It's hard to explain. This whole thing with Tycho and early intervention has done a number on me, but not in the way you might expect.
I'm not sad about him being behind. I mean I am, but not in a way that keeps me up at night. It is what it is and he is who he is and I'm okay with it and I have been okay with it for quite a while now. And even though parenting him might be harder than parenting the average two-year-old because of the difficulties in communication, that is frustrating, yes, but it doesn't weigh on me.
Early intervention itself is scary, though. A whole world of unknown that I never imagined I would need to navigate. We never pictured ourselves as parents to a special needs child. I still don't really think of Tycho that way anyway, but I guess right now he kind of is, as his needs are greater than average right now. Looming over us is the enormity of the responsibility of being his advocate through all of this. Of making sure his is getting the extra he requires in a world that he won't automatically fit into.

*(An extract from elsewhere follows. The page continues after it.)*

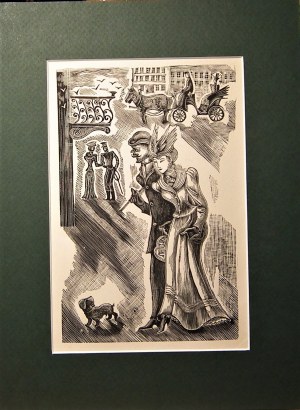 Janina Konarska (1900-1975), Na spacerze, 1938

Who knows, really, at this point if this is temporary or if its something larger that will last us into his school years. But my one great hope here is that this delay is just a delay and not something bigger and that in a year or three you'd never know the difference and that we won't be dealing with IEPs in high school.
Whatever it is, is of course fine. He is my son and nothing in the world can change that. But I feel so unprepared to be the kind of parent he needs right now, that he might need in the future. I knew that being a mother wasn't going to be easy, but I didn't know it was going to be this hard.
*and then he interrupts my 1am blogpost with a faint wail of "mama" and when I go into check on him he wordlessly hands me his blanket and crawls back into bed so I can tuck him in again and this is all too much and I cry.